I recently attended a career fair at the Culinary Institute of America on behalf of Delaware North Companies. Camille Jackson of our Human Resources Department attended, as well. She shares her thoughts on the event below.

I had a very pleasant experience visiting the Culinary Institute of America (CIA) in Hyde Park, N.Y. Unfortunately, there are no direct flights from Buffalo to Albany, so it made my travel much longer. My colleagues Chef Roland Henin and Chef Percy Whatley joined me at the Courtyard Marriott near the CIA.

When we arrived at the CIA, we were greeted by the friendly faces of the CIA staff which included Mary Lou DeSantis and her team. They were gracious and helpful. The facility was neat, clean and well-organized. The career fair items I shipped were waiting for us at our table, along with the television and DVR I requested. The space was a little crowded as the company tables were getting very close together which left little room to move around. It was great to see a large number of companies participating in the career fair.

Throughout the fair, the CIA provided endless beverages and flavorful food that was prepared by the students. It was a beautiful spread. The career fair had a continuous flow of students who were well-prepared and focused on their mission to secure an internship/externship. Throughout my years of participating in career fairs, students/participants typically are interested in company giveaways as opposed to talking to recruiters. With the CIA students, they were not interested in giveaways. They were much more interested in company information, internship/employment opportunities and Chef Roland. Many of the students were seeking externships, rather than internships and about 85 percent of the students that stopped at our table were baking/pastry students. Unfortunately, Delaware North does not have many baking/pastry internships or externships. We also met with quite a few alumni and soon-to-graduate candidates who were seeking regular employment. In speaking with students, I assessed that their salary expectations were not aligned with entry-level opportunities for which they qualify.  One recently graduated alumnus is seeking a salary of $60,000 minimum. Another student who is graduating in March 2011 is seeking $35,000, minimum – with no work experience and no management/supervisory experience. I’m not sure the CIA is setting their salary expectation or if they feel overwhelmed with their up-and-coming student loan bills.

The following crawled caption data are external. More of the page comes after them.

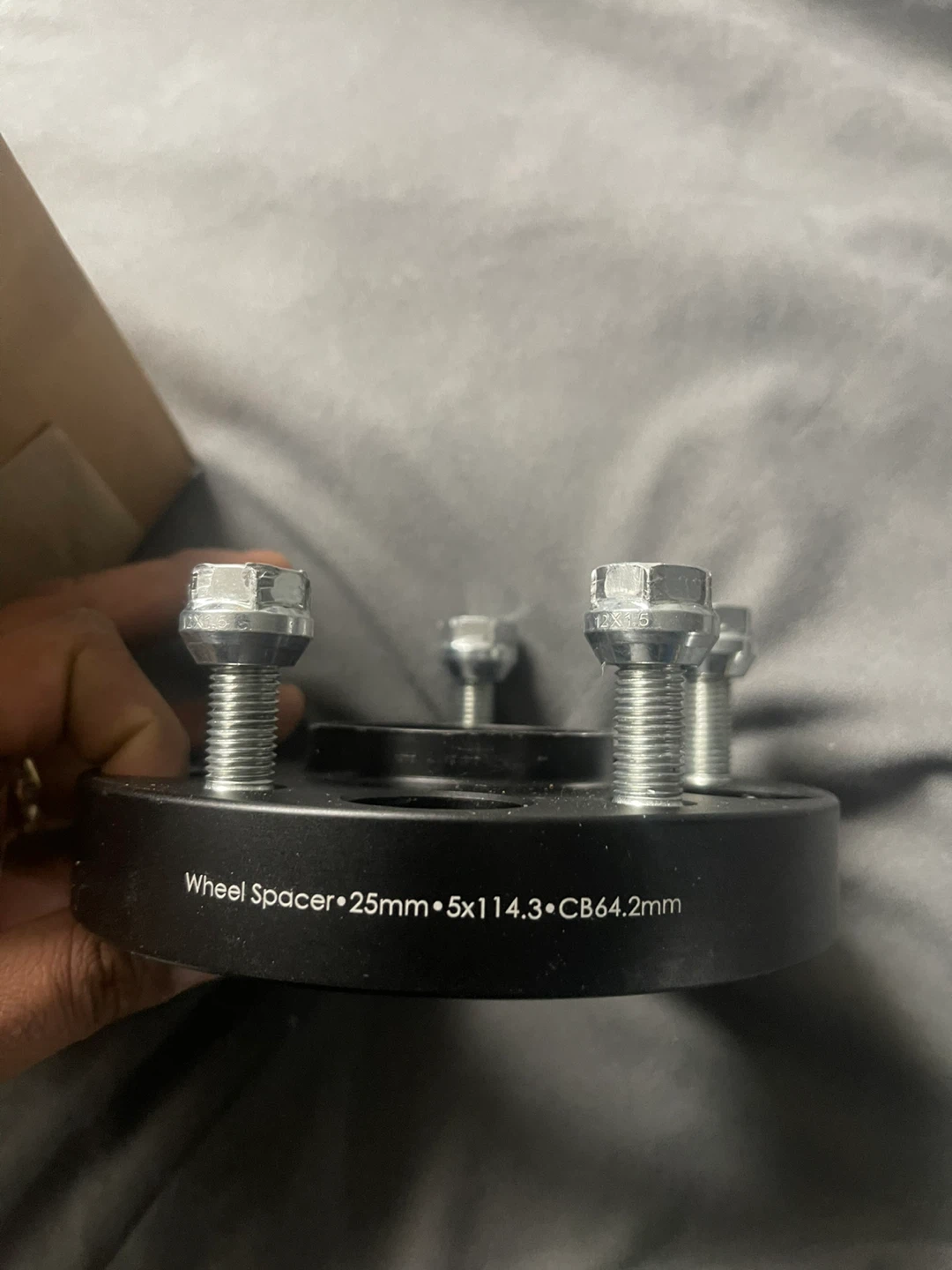 Wheel Spacers 25mm 5x114.3 CB64.2 - photo 4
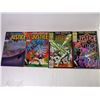 Image 2 : (4) Justice,(4) Son of Ambush Bug and (5) Warlord of Mars Comic Books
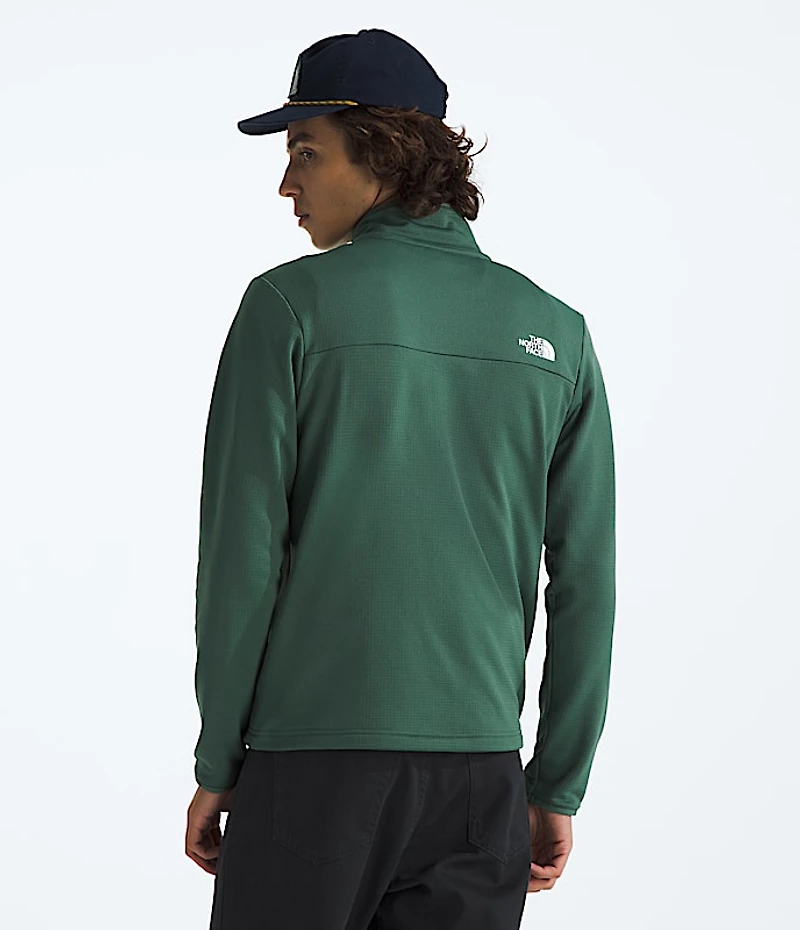 Men’s Cedar Trail Grid Fleece Full-Zip Jacket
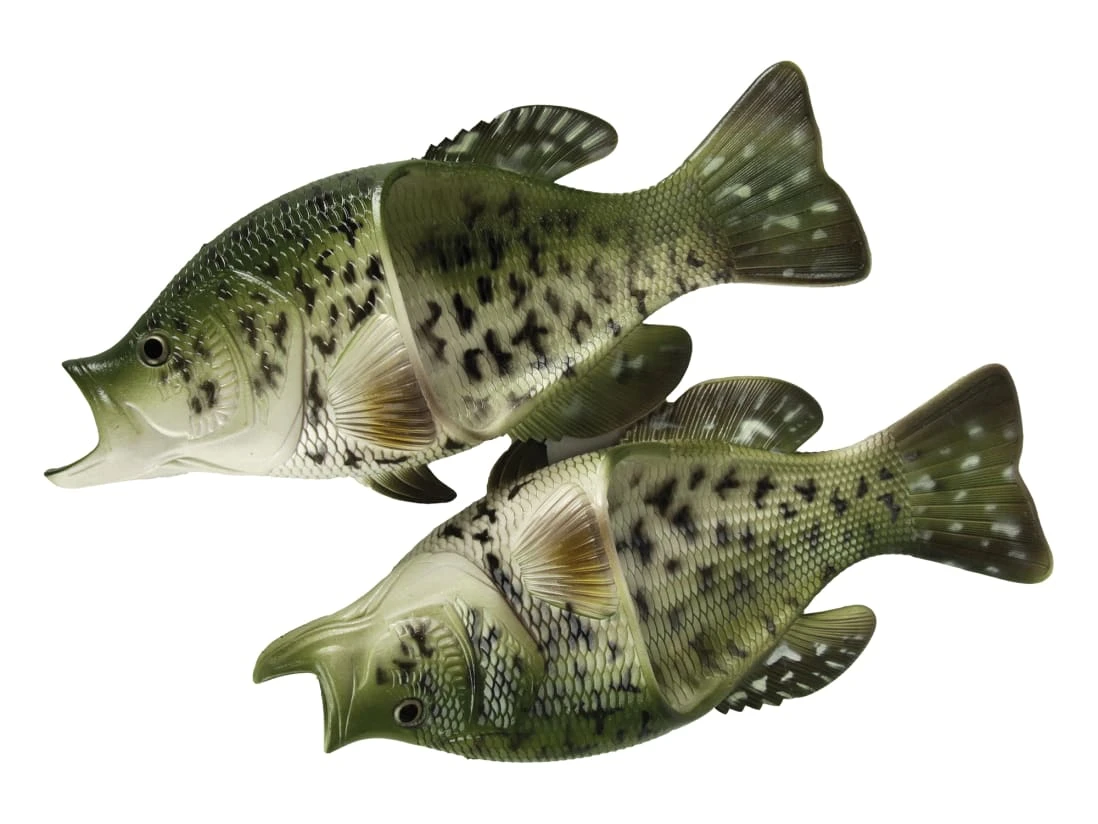 Rivers Edge Crappie Fish Sandals 3 Rivers Edge Crappie Fish Sandals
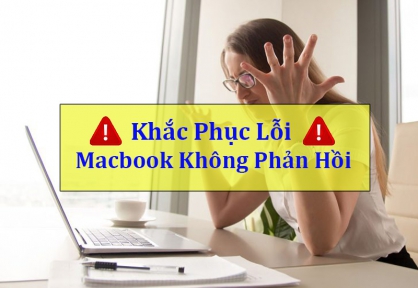 Cách khắc phục lỗi ứng dụng không phản hồi trên máy Mac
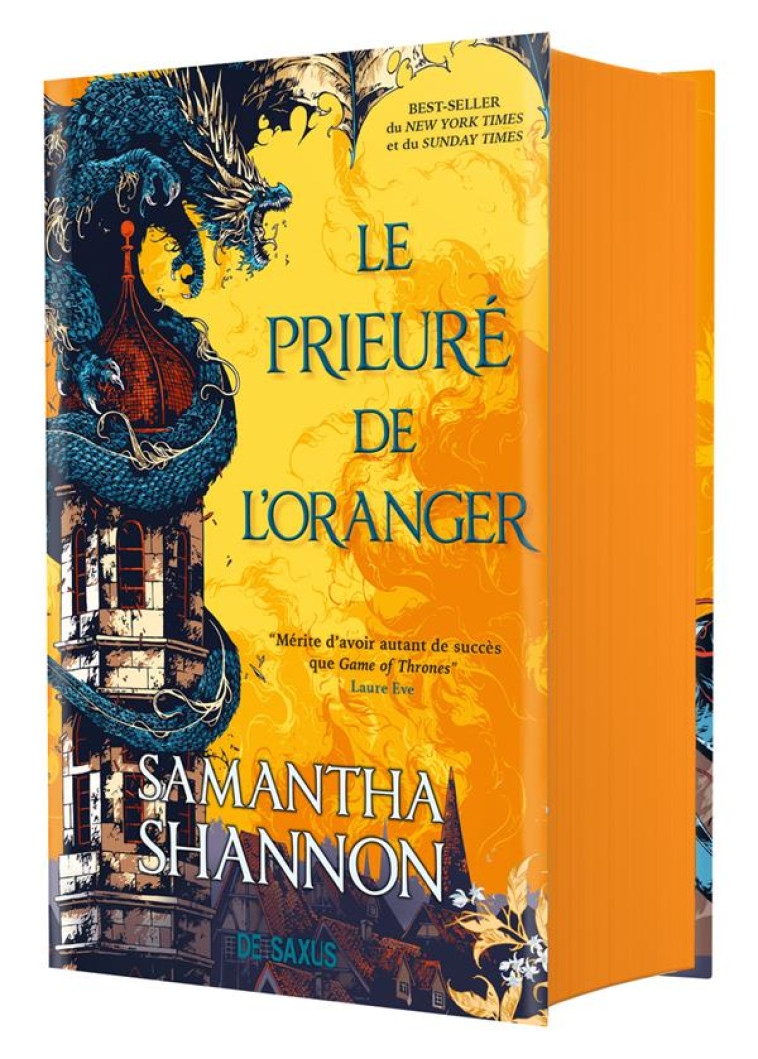 LE PRIEURE DE L'ORANGER - SHANNON, SAMANTHA - DE SAXUS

The CIA is a beautiful campus. I toured the campus twice and had two totally different experiences. My second tour was hosted by a student named Jose. Jose was very professional, elaborated extensively on the history of the campus, curriculum, instructors, restaurants and everything about the CIA. I was very impressed. My colleagues and I had dinner at the Italian restaurant on campus. The food was magnificent, the service was stellar and the atmosphere was bravura.

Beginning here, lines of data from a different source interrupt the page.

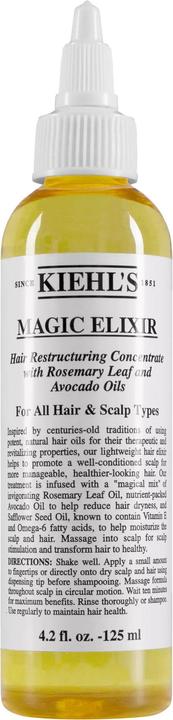 Produktbild Kiehl's Magic Elixir - Hair Restructuring Concentrate Haaröl (118 ml)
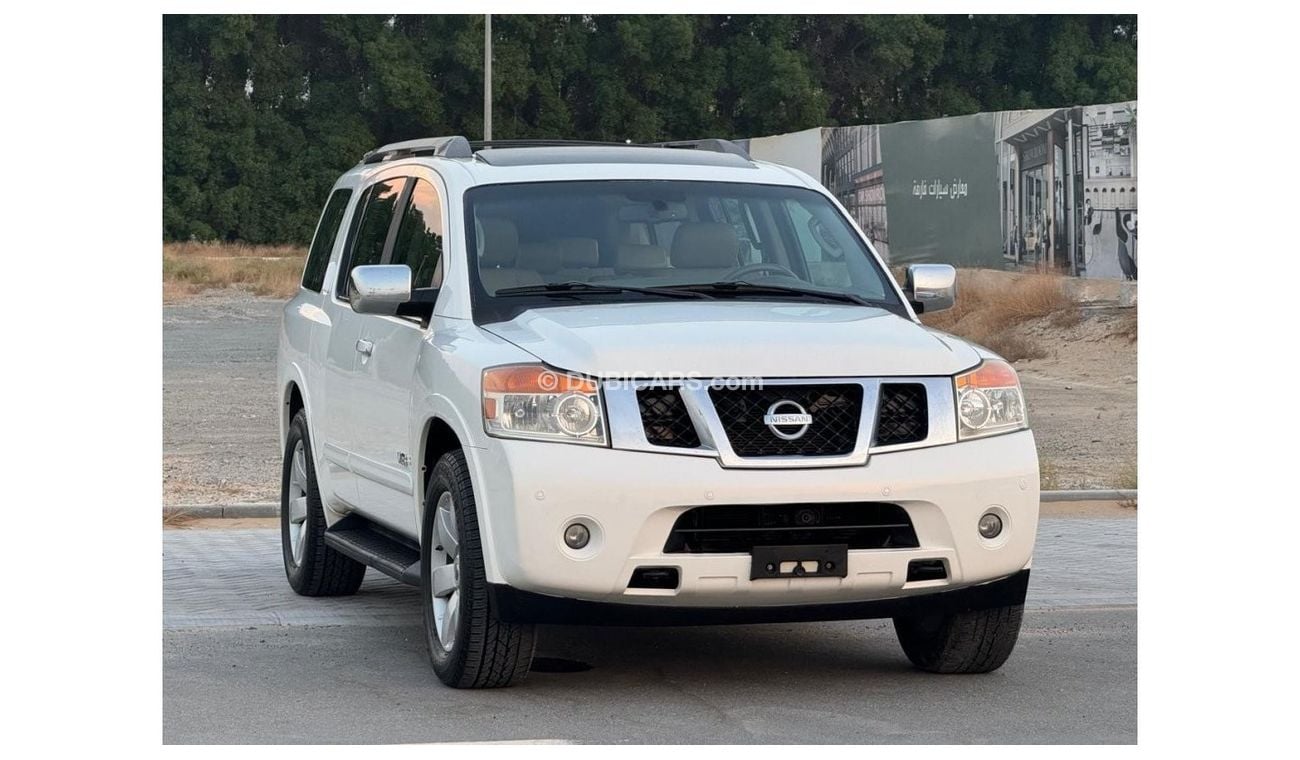 Nissan Armada nissan armada 2010 gcc original paint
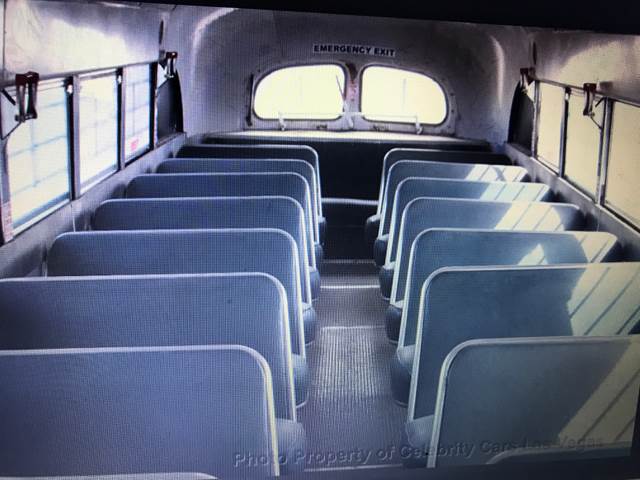 1975 Crown Prison Bus Prison bus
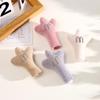 Autumn Winter Plush Animal Paw Jewelry Accessories - DIY Cotton-Filled Paw Toys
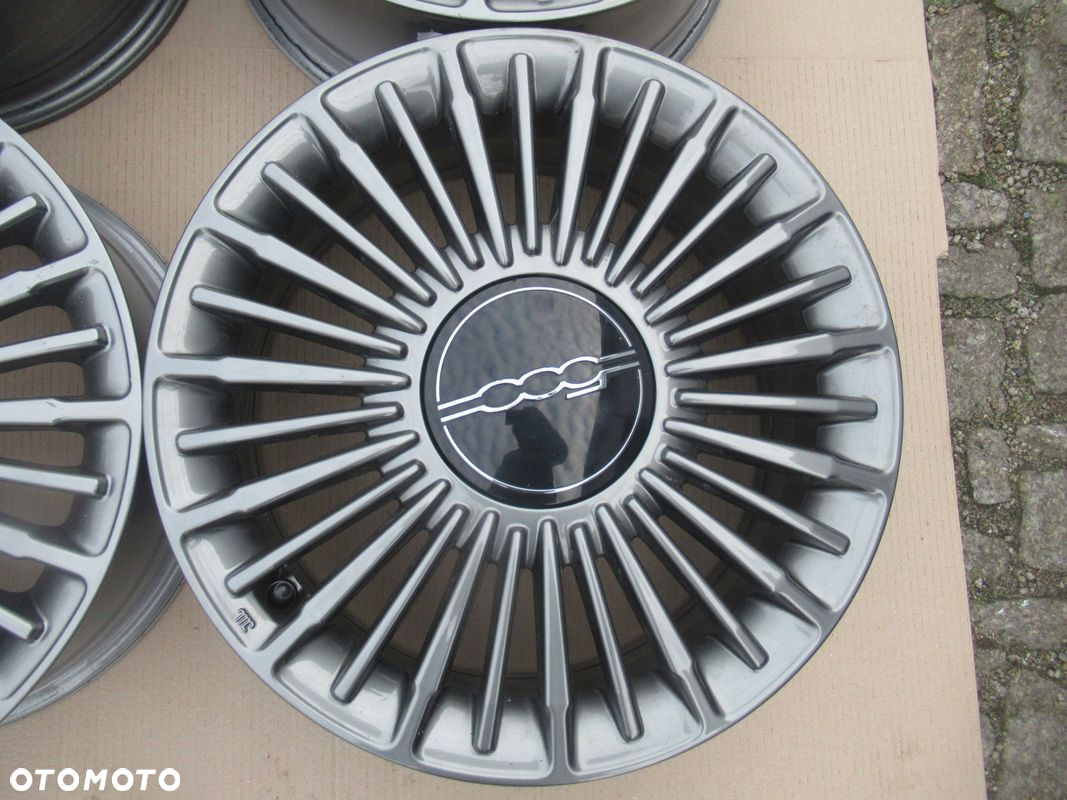 ALUFELGI 4szt R16 FIAT 500,DOBLO,PANDA,PUNTO ,BRAVO,KA,NEMO,BIPPER 4x98 - 2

I was inspired by the students’ tenacity in their education, as well as the facility in which they learn. Environment is key, and I think that adds value to a student’s learning experience. I’ve attended many college career fairs throughout my 17-year career in human resources. The CIA career fair is by far one of the best I’ve attended in terms of organization, professionalism, preparedness of students and a state-of-the-art learning facility.